The court ruled 4-3 that the state's Democratic-led legislature violated procedural requirements when it placed the constitutional amendment on the ballot to authorize the mid-decade redistricting. Voters narrowly approved the amendment April 21, but the court's ruling renders the results of that vote meaningless.

Writing for the majority, Justice D. Arthur Kelsey wrote that the legislature submitted the proposed constitutional amendment to voters “in an unprecedented manner.”

“This violation irreparably undermines the integrity of the resulting referendum vote and renders it null and void," he wrote.

Democrats had hoped to win as many as four additional U.S. House seats under Virginia's redrawn U.S. House map as part of an attempt to offset Republican redistricting done elsewhere at the urging of President Donald Trump. That ruling, combined with a recent U.S. Supreme Court decision severely weakening the Voting Rights Act, has supercharged the Republicans' congressional gerrymandering advantage heading into this year's midterm elections.

Richard Hudson, chairman of the National Republican Congressional Committee said the ruling was another sign of GOP momentum heading into the midterms.

"We’re on offense, and we’re going to win,” he said in a statement.

Don Scott, the Democratic speaker of the Virginia House of Delegates, said Democrats respect the court’s opinion but lamented that it overturned the will of the voters: “They voted YES because they wanted to fight back against the Trump power grab.”
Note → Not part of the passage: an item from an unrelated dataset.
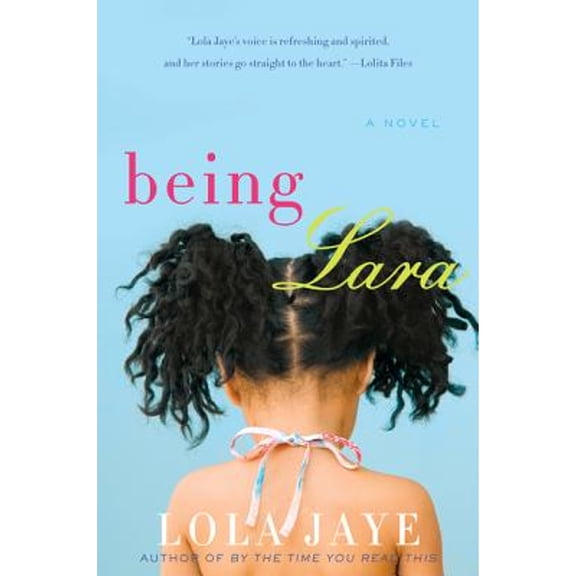 Pre-Owned Being Lara (Paperback) 0062069349 9780062069344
Suzan DelBene, chairwoman of the Democratic Congressional Campaign Committee, criticized the court majority for what she said was a decision that “cast aside the will of the voters,” but she said the people will have the final say.

“In November, they will, and they’ll power Democrats to the House majority,” she said in a statement.

Legislative voting districts typically are redrawn once a decade after each census to account for population changes. But Trump started an unusual flurry of mid-decade redistricting last year when he encouraged Republican officials in Texas to redraw districts in a bid to win several additional U.S. House seats and hold on to their party's narrow majority in the midterm elections.

California responded with new voter-approved districts drawn to Democrats' advantage, and Utah's top court imposed a new congressional map that also helps Democrats. Meanwhile, Republicans stand to gain from new House districts passed in Florida, Missouri, North Carolina, Ohio and Tennessee. They could add even more after the U.S. Supreme Court's ruling in the Voting Rights Act case, which has prompted some other Republican states to consider redrawing their maps in time for this year’s elections.

Virginia currently is represented in the U.S. House by six Democrats and five Republicans who were elected from districts imposed by a court after a bipartisan redistricting commission failed to agree on a map after the 2020 census. The new districts could have given Democrats an improved chance to win all but one of the state's 11 congressional seats.

The Supreme Court's majority was critical of the state’s redrawing of the congressional maps to benefit one political party. Those justices noted that 47% of the state’s voters supported GOP congressional candidates in 2024 but the new map could result in Democrats making up 91% of the state’s House delegation.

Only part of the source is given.